産科医師の先生方は、助産院が病院に「紹介」することについては、特に反発はされていないかと思います。あくまで「搬送」はやめてくれ、というご意見でしょう。ローリスクであるなら、「搬送」は必要ないのではないでしょうか。
看護師が1年間助産師学校に通い、分娩10件の介助の実習をして、助産師国家試験に合格すれば助産師の資格が得られます。(※1下記、関連記事)
現在は、4年制の看護学部の中に数ヶ月間の助産実習が含まれていて、看護師国家試験と同時に助産師国家試験も受験できます。
ですから、助産師免許を取得した時点では、通常の看護師とほとんど変わりがありません。
五年、十年と実地でいろいろな経験を積んで、やっと一人前の助産師になれると思います。
しかし、中には、免許を取ってすぐに開業するような無謀な人もいるかもしれません。そうなると、何の経験もない全くの素人も同然で開業ということになってしまいます。
こんにちは。助産所のレベルのひとつのケースとしてこういう事例があるそうなので、こちらに参考にと紹介させていただきます。
http://d.hatena.ne.jp/guri/20070315/1173971272
さて、今日は県内の周産期救急に関しての集まりに顔を出してきました。
その中で助産所からの搬送例についての症例が出てきました。
41週破水後分娩停止。本人は母体搬送を希望したが「帝王切開されたら脳性麻痺になる」と説得されそのままクリステレルにて圧出分娩。
新生児仮死にて搬送されるが児は死亡。母体は産褥に発熱し、CRP32と子宮内感染が認められた。また会陰切開を行われており、創部離解。
我々からみれば、もはや犯罪的行為です。
全部が全部とは言いませんが、このレベルの助産所は少ない訳ではありません。
これで嘱託医を引き受けて欲しいと言われても、腰が引けてしまいます。
医療施設勤務の助産師にはもっとできる人もいるわけですから、もう少し開業助産師のレベルの底上げはできないものでしょうか。
これはCochrane(EBM=根拠に基づいた医療、の考えに厳格に基づこうとする文献データベースとして、コクラン・ライブラリは世界最大規模のもの)のReviewsにあります。

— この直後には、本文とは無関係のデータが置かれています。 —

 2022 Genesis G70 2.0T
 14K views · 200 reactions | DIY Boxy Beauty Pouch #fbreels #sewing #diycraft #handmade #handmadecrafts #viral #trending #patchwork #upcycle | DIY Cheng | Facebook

http://www.cochrane.org/reviews/en/ab000012.html
この研究はコクラン妊娠・出産グループ研究登録と8雑誌から検索したもの、2つの出版された会議録から検索した無作為化比較試験で方法論が吟味された、6研究(8677人)をまとめたものです。
(Plain language summary)
Home-like institutional birth settings reduce the chances of medical interventions and increase maternal satisfaction, but it is important to watch for signs of complications
Home-like birth settings are intended for women who prefer to avoid medical intervention during labour and birth, but who either do not wish or cannot have a home birth. The results of six trials suggest modest benefits, including decreased medical intervention and higher rates of spontaneous vaginal birth, breastfeeding, and maternal satisfaction. However, there may be an added risk of perinatal mortality.
(要約)
Home-like institutional birth setting(助産院という訳でよろしいでしょうか、以下助産院と訳します。)は、医療の介入の頻度を減らし、満足度が高いが、合併症への注意が必要である。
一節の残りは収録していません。